» Task directions:
Determine how many lines in the records hold "Photo", and give that number with nothing added.

Records from a data source:
════════
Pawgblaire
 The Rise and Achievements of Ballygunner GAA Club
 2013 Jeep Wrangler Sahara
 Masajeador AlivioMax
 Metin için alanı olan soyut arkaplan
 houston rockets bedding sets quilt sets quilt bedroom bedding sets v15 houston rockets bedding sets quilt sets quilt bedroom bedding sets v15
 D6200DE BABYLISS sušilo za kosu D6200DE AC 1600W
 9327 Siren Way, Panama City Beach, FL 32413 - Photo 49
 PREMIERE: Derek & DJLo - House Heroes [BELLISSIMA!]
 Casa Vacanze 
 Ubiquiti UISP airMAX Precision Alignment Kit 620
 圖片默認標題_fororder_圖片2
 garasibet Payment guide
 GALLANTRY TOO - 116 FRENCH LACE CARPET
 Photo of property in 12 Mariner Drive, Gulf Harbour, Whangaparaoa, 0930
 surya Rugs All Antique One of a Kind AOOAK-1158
════════
» Reply:
2